従来の二次電池は、充放電特性が同一の活物質を使用しているので、高電流で充放電できるが電池容量が小さい電池(パワー用電池)と、高電流では充放電できないが低電流の充放電で電池容量が大きい電池(エネルギー用電池)を作り分けている。高電流で充放電できることと、電池容量が大きいことは同時に成立しないので、高電流で充放電できて、かつ、電池容量が大きい電池というものは存在しない。
高電流で充放電できて、かつ電池容量が大きい電池が必要な場合、次の二通りの方法が考えられる。
▲1▼パワー用電池(高電流で充放電できるが電池容量が小さい電池)を使用し、必要な電池容量を確保するまで複数個の電池を接続する。このときはパワーが極めて過剰スペックとなり、不経済な状態となる。
▲2▼エネルギー用電池(低電流の充放電で電池容量が大きい電池)を使用し、必要なパワーを確保するまで複数個の電池を接続する。このときはエネルギーが極めて過剰スペックとなり、不経済な状態となる。
電熱器などの回転部分がない電気器具の場合は、起動時も定常運転時も必要な電流量はほぼ同じであるが、モーターなどの回転部分が存在する電気機器の場合は、起動時(瞬間的に)には定常運転時の約3倍の電流量が必要となる。モーターなどの回転部分が存在する電気機器を電池で稼動させるときは、上記の特性があるので、定常運転時の機器スペックで電池を選択すると、電池は起動時の瞬間的な大電流に耐えることができず、電池寿命が短くなる。
特に電気自動車や電気二輪車などの場合、加速する際に瞬間的な大電流が必要であるが、走行距離を長くするために、エネルギー量も大量に必要であり、電気自動車や電気二輪車の性能は、電池性能に依存する。
セルスタータなどは、瞬間的に大電流が必要であり、時間的には文字通り瞬間的(数秒以内)なものであり、数十分も必要なことはあり得ない。その特性を有するものが鉛蓄電池で、瞬間的なパワーを出す代わりに、鉛蓄電池の全エネルギー量のうち有効に使われるのは、ほんの10%程度である。

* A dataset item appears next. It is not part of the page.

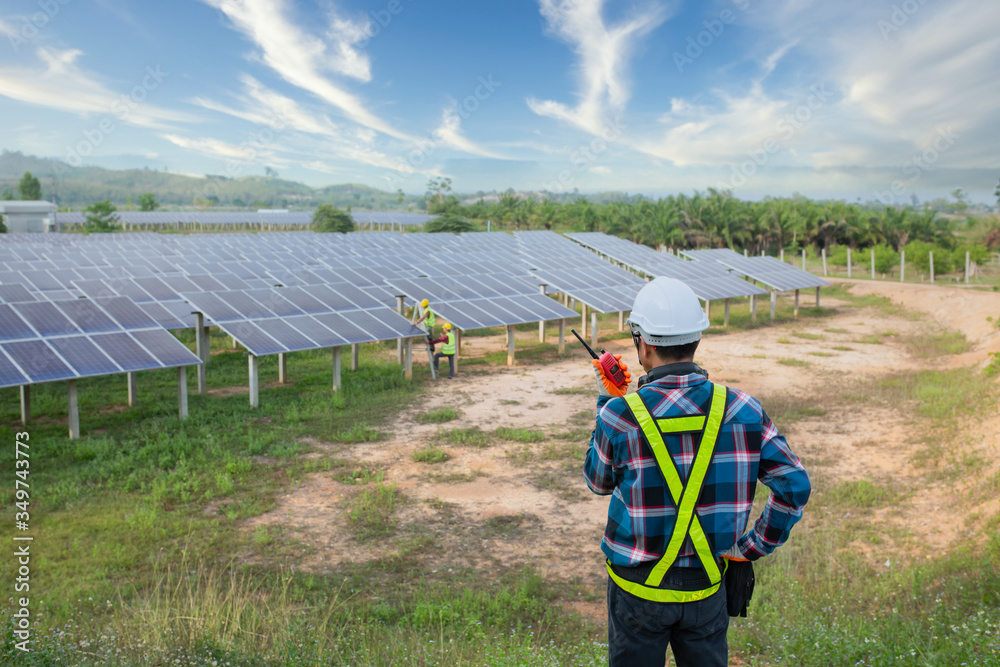 亚洲工程师，正在检查太阳能发电厂的设备；纯能源；可再生能源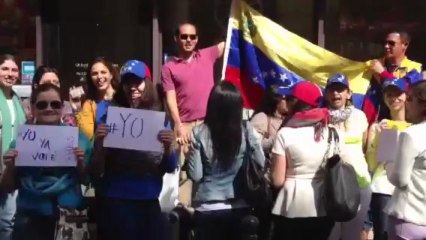 Los venezolanos en París ejercen su derecho al voto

本発明は上記の諸点に鑑みなされたもので、本発明が解決しようとする課題は、充放電特性の異なる活物質、すなわち、パワー用活物質とエネルギー用活物質を組み合わせて1つの電池とすることにより、起動時などに瞬間的にパワーを出すことができ、なおかつエネルギー容量が多くなるハイブリッド電池を提供することにある。
〔発明の開示〕
上記の課題を解決するために、本発明のハイブリッド電池は、セパレータを介して接続された2つのセルの一方のセル内の電解液中に正極活物質の成形体が装墳され、他方のセル内の電解液中に負極活物質の成形体が装填され、正極活物質が装填されたセルに正極活物質と接触する正極集電体が設けられ、負極活物質が装墳されたセルに負極活物質と接触する負極集電体が設けられてなる電池に、正極活物質及び負極活物質の少なくともいずれかとして、充放電特性の異なる少なくとも2種類の活物質成形体を組み合わせたものが1つのセルに装填された構成である。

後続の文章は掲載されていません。